(Exercise material Opens)

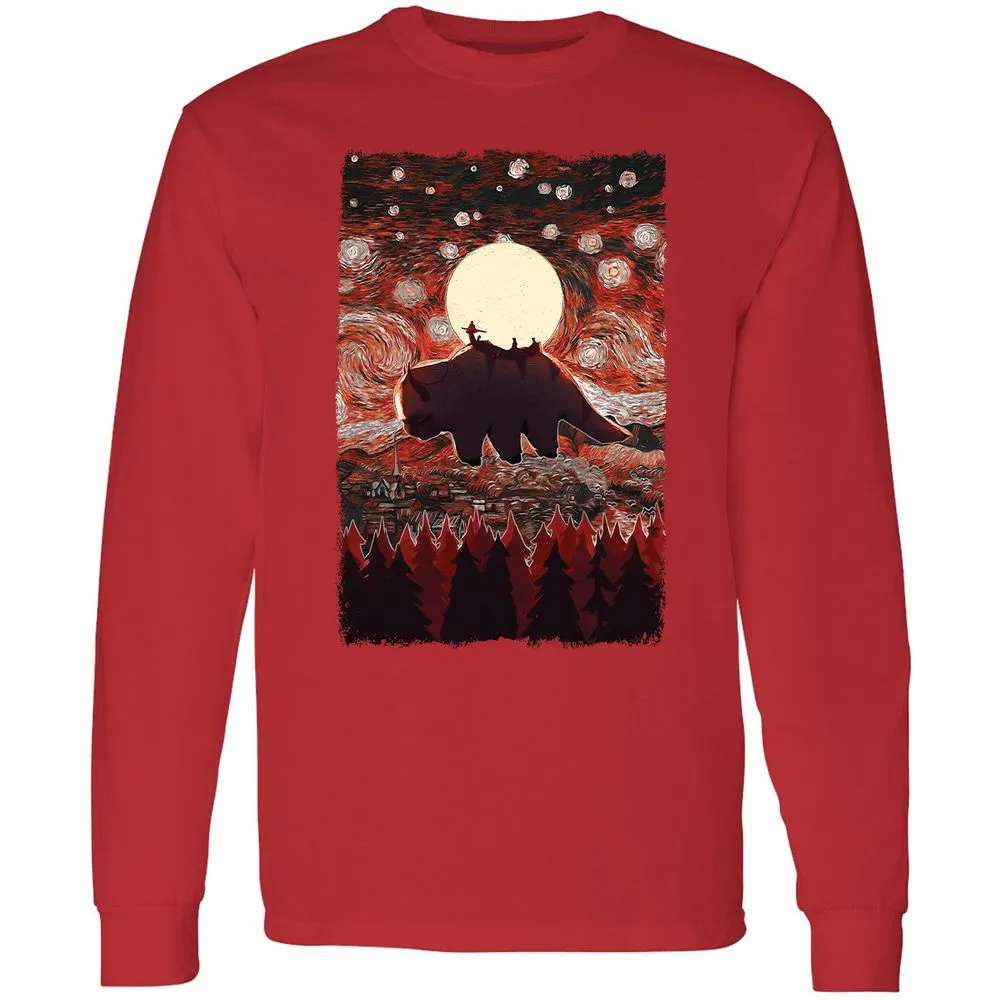 Long Sleeve T-Shirt - 4UCDT848 - Red - 14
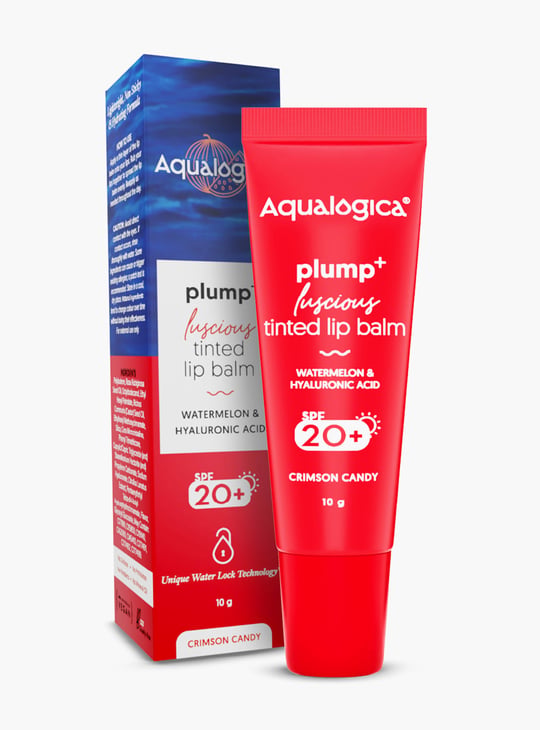 AQUALOGICA Plump+ Luscious Tinted Lip Balm - Crimson Candy - 10g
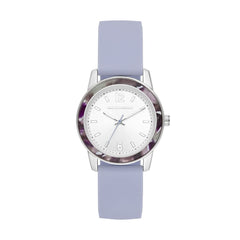 Skechers Women's Watch and Stackable Bracelet Gift Set - Brookhurst Purple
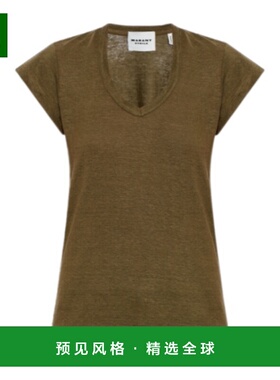 香港直邮ISABEL MARANT ÉTOILE 女士T恤 TS0014FBB1N17EDARKKHAKI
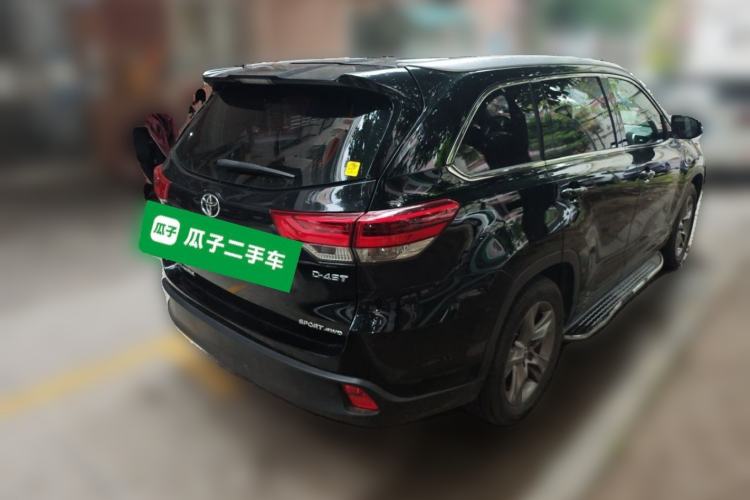 Used Toyota Highlander 2018 2.0T Four-Wheel Drive Luxury Version 7 Seats China VI Standard Rear Right 45 Deg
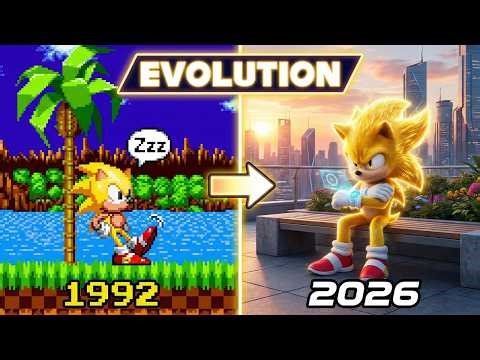 (NEW) Evolution of Super Sonic IDLE Animations (1992-2026)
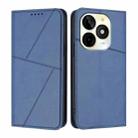 For Itel P65C Strong Magnetic Frosted Flip Leather Phone Case(Royal Blue) - 1
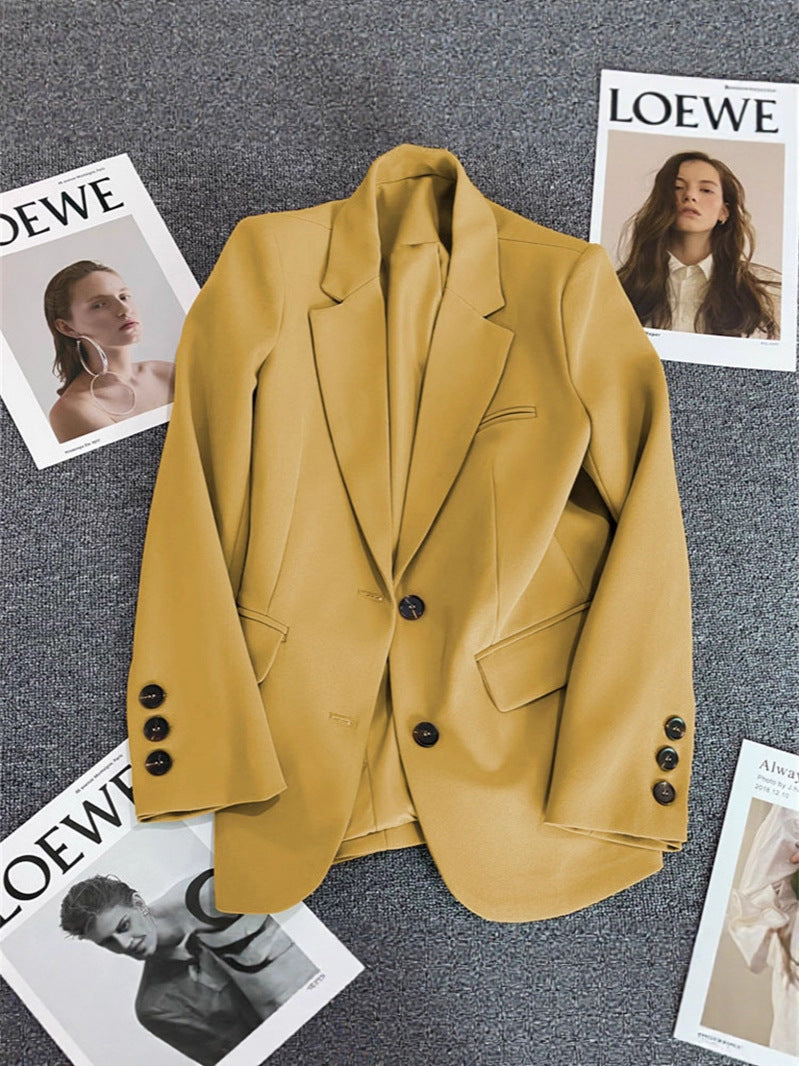 Avocado Green Blazer for Women 2026 Spring and Autumn New Casual Stylish Street-Style Blazer Korean Version Suit Jacket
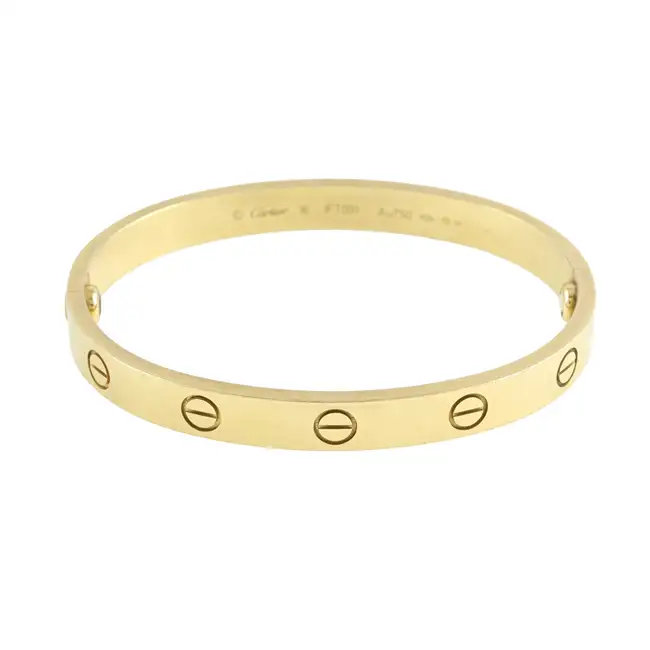18ct gold 'Love' bangle, by Cartier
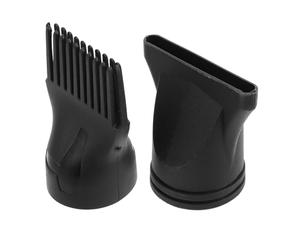 Didiseaon 2pcs Salon Hair Dryer Nozzle Concentrator Set with Comb Attachment, Universal Hair Dryer Styling Tool for Professional Salon Use, Black Plastic Vent Nozzle for Precise Drying
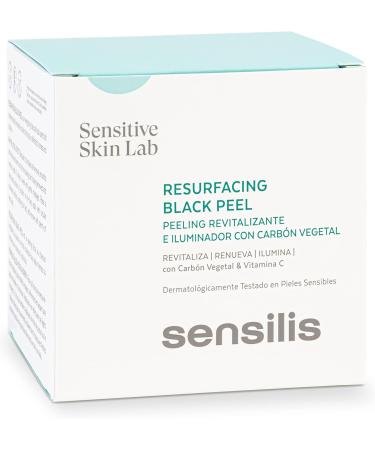 Sensilis Resurfacing Black Peel Scrub Exfoliating Physical Peel with Activated Carbon & Vitamin C | Dead Skin Cell Remover for All Skin Types | Ocean Respect 50g - Buy Online on GoSupps.com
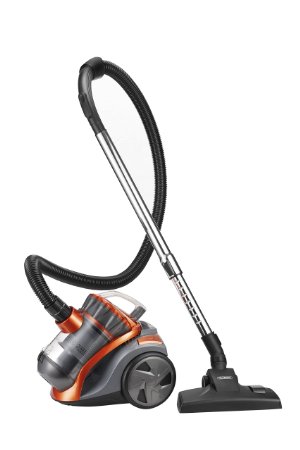 VonHaus 1200W 2L Orange/Grey Bagless Vacuum with 5m Cord and 1.5m Tube Length, HEPA Filtration   Accessories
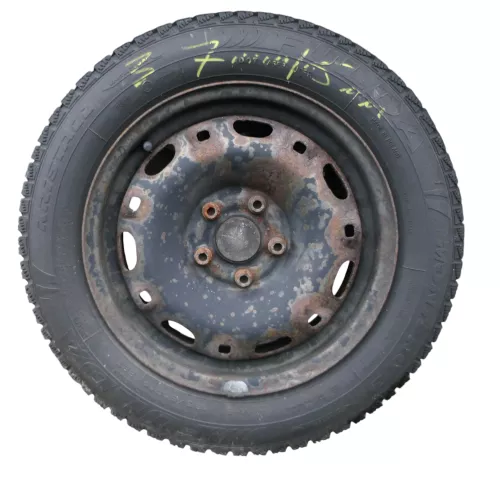 4x Polo 6R 9N Ibiza Felgen 185/60 R14 T Winterreifen M+S 6jx15 ET38 Reifen 6-8mm (183655)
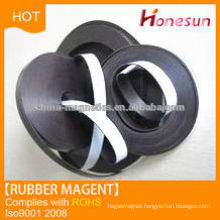 Hot sale rubber coated magnets with adhesive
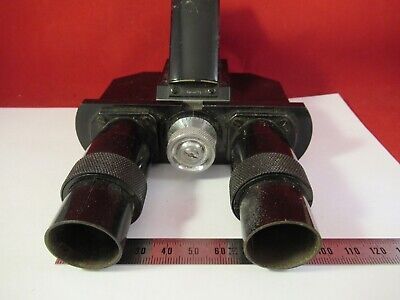 FOR PARTS MICROSCOPE RARE ERNST LEITZ ANTIQUE BINOCULAR HEAD AS PICTURED &9-A-73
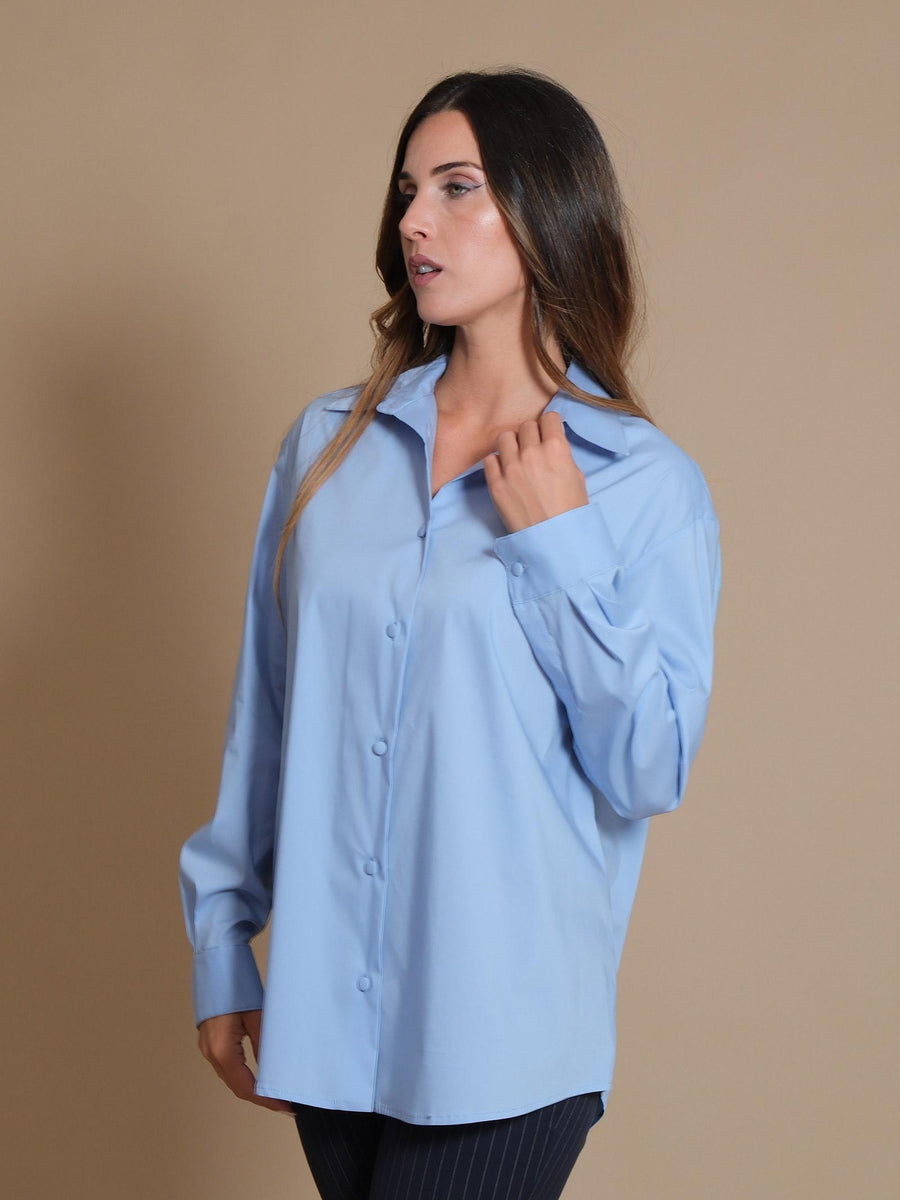 Camicia Florida Silence Limited  azzurro polvere CA786B POLVERE Silence Limited 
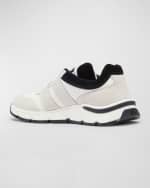 Image 2 of 5: Dolce&Gabbana Kid's DG Velcro Running Sneakers, Kids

(Exercise material Closes)

Omit the pictures. Print, word for word, the lines from the beginning of the entries above through the line that holds "香港直邮ISABEL MARANT ÉTOILE".

◆ Response to this task
 Long Sleeve T-Shirt - 4UCDT848 - Red - 14
 AQUALOGICA Plump+ Luscious Tinted Lip Balm - Crimson Candy - 10g
 Skechers Women's Watch and Stackable Bracelet Gift Set - Brookhurst Purple
 香港直邮ISABEL MARANT ÉTOILE 女士T恤 TS0014FBB1N17EDARKKHAKI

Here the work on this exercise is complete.